In Today's Issue: Rift Between US and Israel Appears to Grow

The following story appeared in the [post_published] issue of The Daily Juice. The text is from the 9th-10th grade version. To access the other grade levels, interactive vocabulary (words in bold), quiz questions, and more, sign up for The Juice.

The relationship between the US and Israel, one of its closest allies, is facing one of its most serious tests. President Joe Biden increased his public pressure on Israeli Prime Minister Benjamin Netanyahu. Biden wants Israel to end the fighting with the Palestinian group Hamas, which the US considers a terrorist organization. 

The White House says Biden told Netanyahu “that he expected a significant de-escalation” on Wednesday. Biden hoped that would be the beginning of a “path to a ceasefire.” Analysts believe the public comment about the conversation between the two leaders indicates Biden is losing patience with Netanyahu. 

Netanyahu responded by saying he appreciated “the support of the American president.” But he vowed to press on with intense airstrikes on Gaza. Hamas is mostly based there.

The current fighting between Israel and Hamas began on May 10. That’s when Hamas began firing hundreds of rockets into Israel. Most of them targeted Jerusalem. The rocket fire followed days of clashes between Israeli police and Palestinian protesters in an area holy to both Jews and Muslims. Those clashes, together with protests over the threatened eviction of some Palestinian families in East Jerusalem, inflamed the tensions.

Israel responded by bombarding Gaza. Its airstrikes have damaged or destroyed hundreds of buildings. At least 12 Israelis and 227 Palestinians have reportedly died in the conflict.  

Also on Wednesday, officials confirmed several rockets had been fired from Lebanon into Israel. That risks the possibility of the conflict expanding into a dangerous regional war.

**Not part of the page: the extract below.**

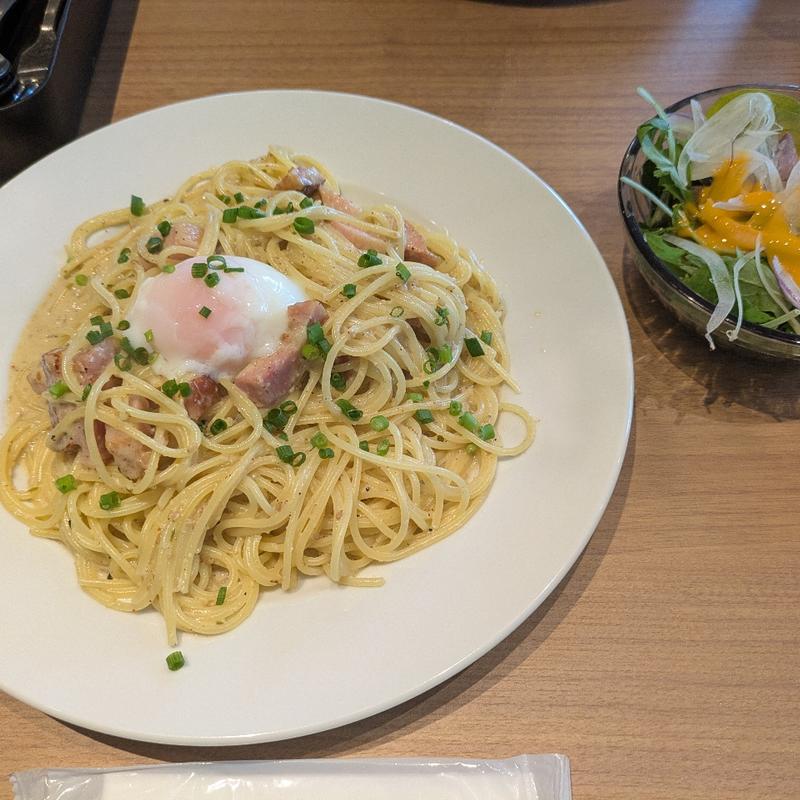 黒七味のスパイシーカルボナーラ温玉乗せ(パスタmama 曳舟店)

🍊 Extra Juice: A Never-Ending Struggle Over the Holy Land

What is Israel?

It is a country in the Middle East along the Mediterranean Sea that is regarded by Christians, Muslims, and Jews as a holy land. Israel, the world’s only Jewish State, has a population of roughly 9 million and is relatively small, about the size of New Jersey. 

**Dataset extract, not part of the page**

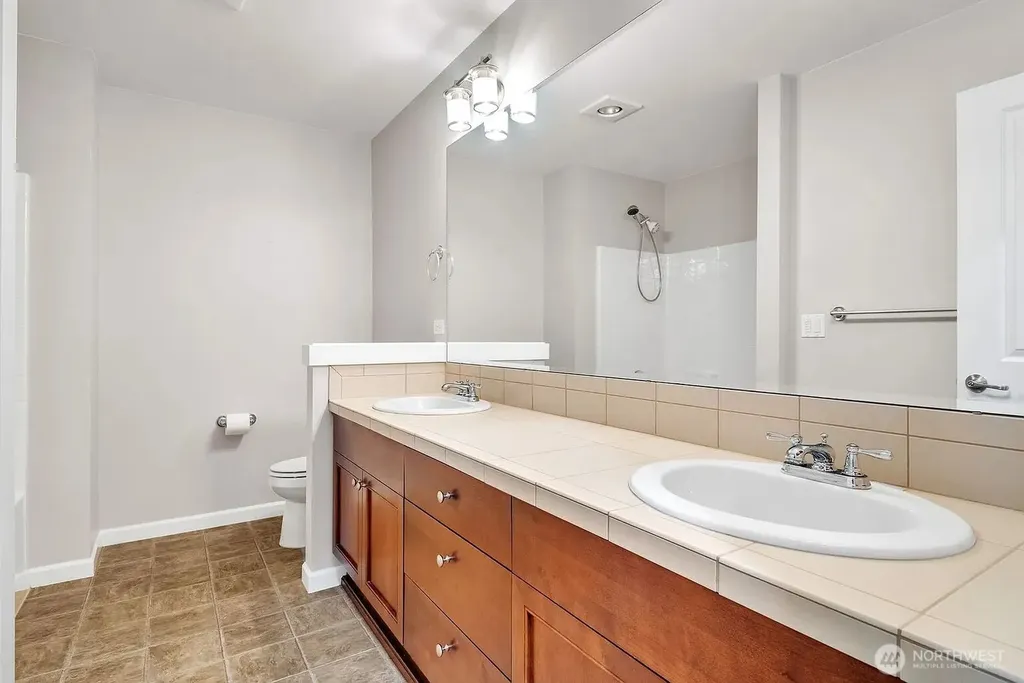 6201 SE 2nd Renton WA 98059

Israel was founded as an independent state in 1948 under the United Nations Partition Plan for Palestine, which was meant to create an Arab state, a Jewish state, and an independent city of Jerusalem. The countries that formed the Arab League rejected the plan and began a war against the new state of Israel. Israel won the war and greatly expanded its territory, including control of West Jerusalem. 

Israel has a complex history that includes periods of peace and war, particularly among religious groups, which have both expanded and reduced its territory.

Public Domain courtesy Wikimedia Commons.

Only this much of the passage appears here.